“Lampedusa”, cette île déserte (16ème-19ème siècle), connue par la chronique de la migration clandestine en Méditerranée, auparavant la “chapelle” où était niché le tombeau d’un saint musulman, était au carrefour de la navigation dans le bassin méditerranéen pour les bateaux ottomans, arabes européens où ils faisaient escale pour s’approvisionner en eau et en bois de forets.
C’est ainsi que la décrit Dionigi Albera, anthropologue italien en commentant une pièce exposée au Musée du Bardo dans le cadre de l’exposition lieux saints partagés qui se tient du 19 novembre au 12 février 2017. Commissaire de l’exposition auparavant, dans la version du Musée des civilisations de l’Europe et de la Méditerranée (Mucem), il précise que cette pièce représente une sorte de crèche, réunissant la sainte famille, la vierge Maie et l’enfant Jésus, en train de sauver un naufragé. Cette image incarne selon lui, cette île qui était une sorte de lieu de trêve grâce à ce sanctuaire, où en moment de guerre, les gens laissaient des offrandes (objets, nourritures) destinées uniquement aux naufragés. D’ailleurs, a-t-il avancé, cette île a gardé sa vocation de lieu de partage par cette histoire encore présente dans la mémoire.
Pour Dionigi, avec la division qui marque le monde actuel, le musée national du Bardo, qui était le théâtre d’une attaque sanglante en 2015, présente une exposition qui essaye d’aller à contre courant en montrant ce qui est commun. D’ailleurs, a-t-il fait observer, le thème de l’exposition ne concerne pas spécialement les religions mais la religiosité en tant que définition plus large. A ce sujet, Dionigi Albera met l’intitulé de l’exposition dans son contexte le plus précis en définissant la portée de chacun des mots :Lieux Saints partagés.

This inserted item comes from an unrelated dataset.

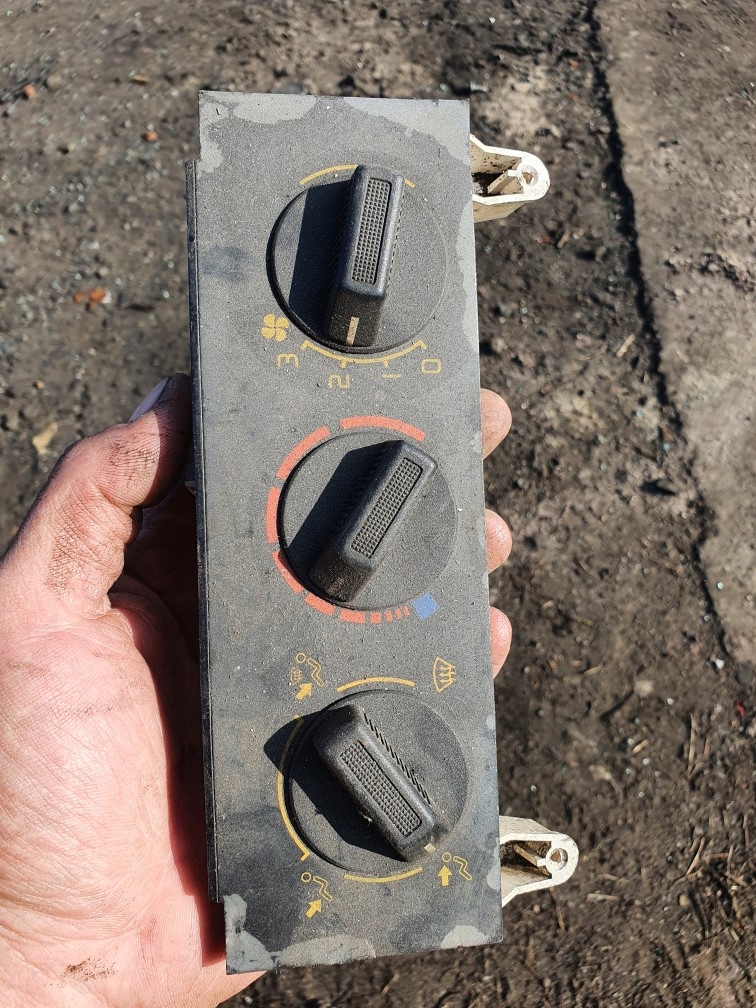 Panel nawiewu R19 renault 19 regulacja nawiewu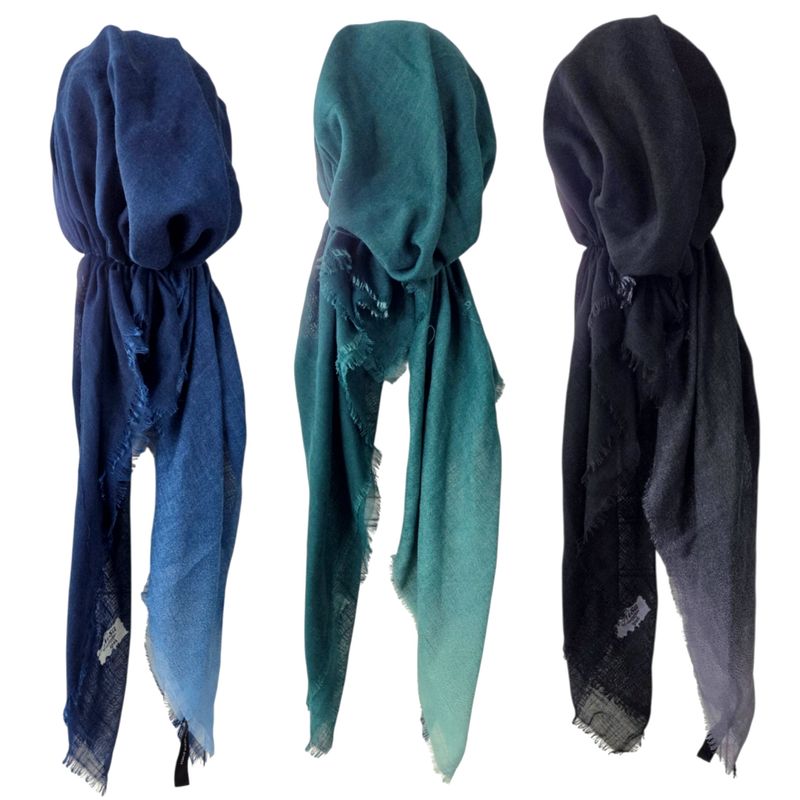Shaded soft fringes pretied tichels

Pour le mot lieu saint, il faut faire, selon lui, la distinction entre lieu saint et lieu de culte qui est davantage le lieu de la fréquentation ordinaire où une communauté de croyants se rend de manière régulière pour la prière et la vénération. Le mot renvoie même à la dimension de communauté, “ce qui est la signification étymologique des appellations synagogue, église et mosquée qui laisse entendre aussi “l’assemblement” ou “réunion”.
Tandis qu’un lieu saint est un lieu de pèlerinage fréquenté d’une manière non régulière, et qui est en général plus chargé d’une force spirituelle. Expliquant le mot “partagés”, il a tenu à préciser que dans les lieux de culte, il existe toujours un partage, mais d’une manière différente et plus organisé.
En suivant le fil des lieux saints partagés, l’exposition du Bardo montre aussi un autre type de partage, celui du partage entre les symboles, les croyances, les personnages saints, par exemple bibliques, qui sont reconnus par les juifs, les musulmans et les chrétiens. D’ailleurs, a-t-il mentionné, tous les objets exposés du rituel quotidien dans les trois religions monothéistes sont perçus comment éléments complémentaires à l’exposition composée notamment de monuments historiques, de tableaux et les livres de la Torah, de la Bible et du Coran.
Au sujet des valeurs du partage aujourd’hui, Dionigi a évoqué un projet à Berlin (Allemagne), portant sur la création d’un lieu de culte commun aux trois religions doté d’espaces pour musulmans, juifs et chrétiens avec une salle commune.